Natural gas-fired electric generation plants, which along with two major nuclear power facilities, line California’s 1,000-mile coast, are one of the big winners in the move last Thursday by state water control regulators to ease implementation of a ban on the use of sea water to cool the plants, which account for 40% of the state’s generation capacity.

While never specifically mentioning gas-fired plants, the staff at the California Water Resources Control Board released revised guidelines for combined-cycle power plant operators (all gas-fired) to comply with the board’s new phased-in ban on seawater cooling of coastal facilities. The Los Angeles Department of Water and Power (LADWP), which would benefit from the proposed changes, praised the move.

LADWP operates three coastal gas-fired generation plants that have been under the gun since the ban of once-through-cooling (OTC) began to be seriously considered five years ago by the state water board.

The staff amendment still must be approved by the water board when it meets in December, but as it stands it would provide LADWP and another coastal plant operator with the option of fulfilling some conditions that would permit OTC to continue at combined-cycle natural gas-fired power plants until those units reached the end of their useful life.

“If LADWP’s [oversight commission] determines, through a public process, that continued operation of an existing power plant operated by [the city utility] is necessary to maintain the reliability of the electric system in the short-term, LADWP shall provide written notification to the state and regional water boards [and others],” a proposed staff amendment states. And it added: “In considering whether to suspend or amend the final compliance dates the state [water] board shall consult with the California Independent System Operator [CAISO].”

After first seeking an 11th-hour legislative solution in late August, LADWP began working with the water board staff to ease the impact the rules would have on the nation’s largest municipal utility (see NGI, May 10).

Leading up to the breakthrough, Interim LADWP General Manager Austin Beutner said “a tremendous amount of progress” had been made in talks this week with water board staff. He told NGI he was pleased with the water board staff’s new approach that would cut hundreds of millions of added costs for the city-run utility and allow it to commit long-term to a 100% reduction of its coastal plant sea water cooling.
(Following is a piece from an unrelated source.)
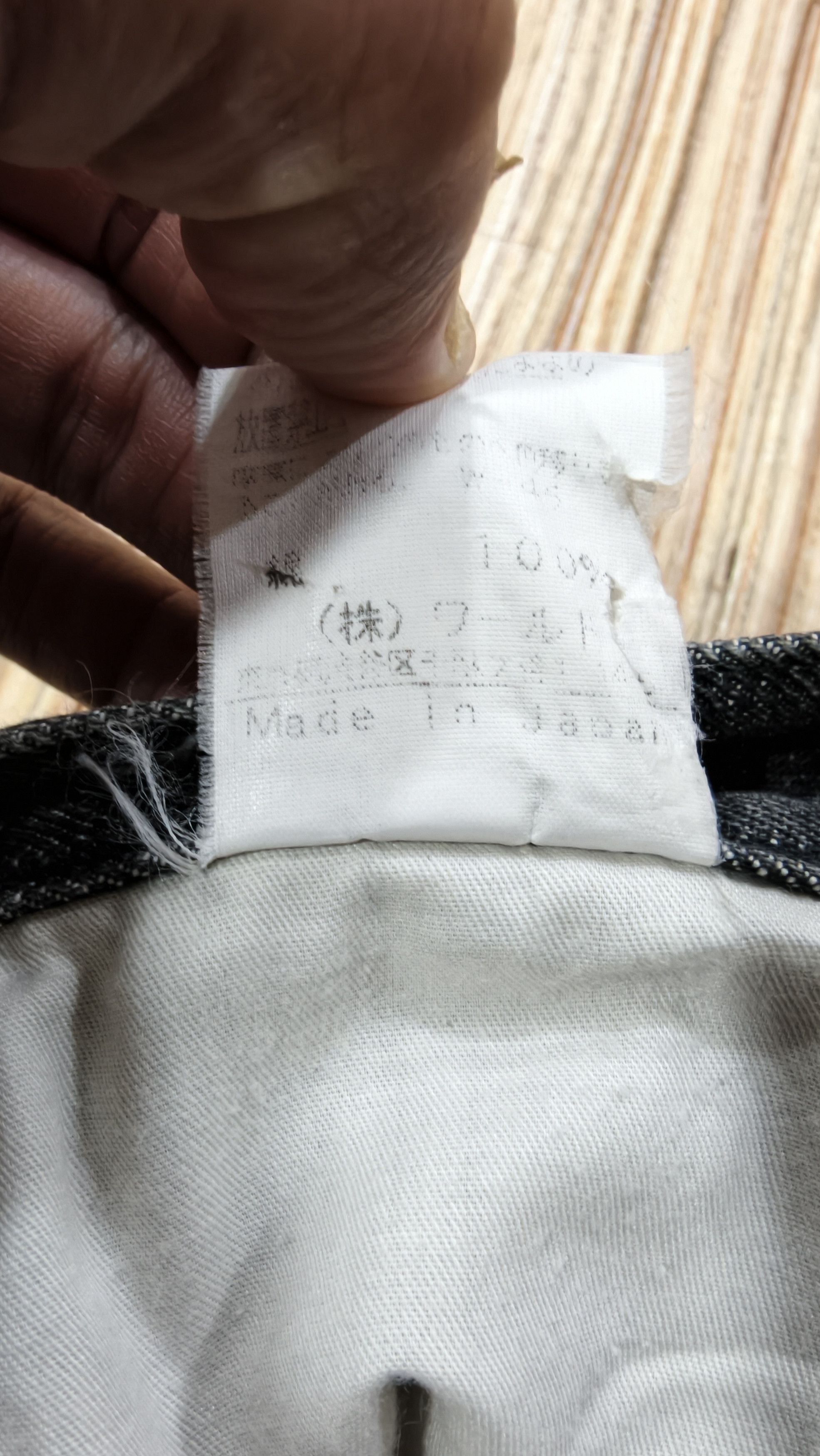 Boycott boycott double layer hagi jeans Size US 30 / EU 46 - 6 Thumbnail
“We’re very pleased with the revised set of rules,” Beutner said. “They address the concerns and issues that we raised, and that will hopefully put us on a track to resolve the problem in a way that is a win-win. We’ll actually be the first utility in the state to commit to 100% reduction in the use of ocean water to cool our plants and do it in a way that dramatically reduces the cost to our ratepayers.”

The timetable also is staggered to protect LADWP reliability over the next 10 to 20 years, Beutner said. The proposed amendment would require LADWP and other operators to file detailed implementation plans, adhere to other requirement related to repowered plants and consider the feasibility of much finer screening on water intake to reduce the impact on fish and other marine life.

He said a combination of factors makes the rules more manageable for the city utility, affecting the time, the order of the plants, the staggering and the mitigation done along the way. “All the pieces coming together now work,” Beutner said. There is more time to comply for certain plants and putting them in a new order.

Earlier when LADWP was stepping up its talks with the water board staff, Beutner characterized the joint effort as leading toward “a balanced solution” that “minimizes costs and achieves the objectives of the new once-through-cooling [OTC] policy.” LADWP will be making investments in the near term that improve power system reliability, transition away from coal and increase the mix of renewable-based power, he said.

“There is a certain engineering path to go down and the water board staff agreed that was what we should do now,” Beutner said.

In recent months LADWP had stepped up its arguments that the new sea water rules threatened its operations longer term much more than those of its private-sector counterparts, while its greenhouse gas (GHG) emissions have actually been reduced and will go down more in the years to come (see NGI, Jan. 8).

In the past two months, Beutner went to various business and legislative forums to reiterate that the utility would have to spend an additional $2.3 billion complying with the state water board’s phase-out. It would require a 6% electric rate hike for a period of at least eight years, Beutner told state legislative leaders earlier in August. Those estimates can now be significantly reduced, or so Beutner hopes.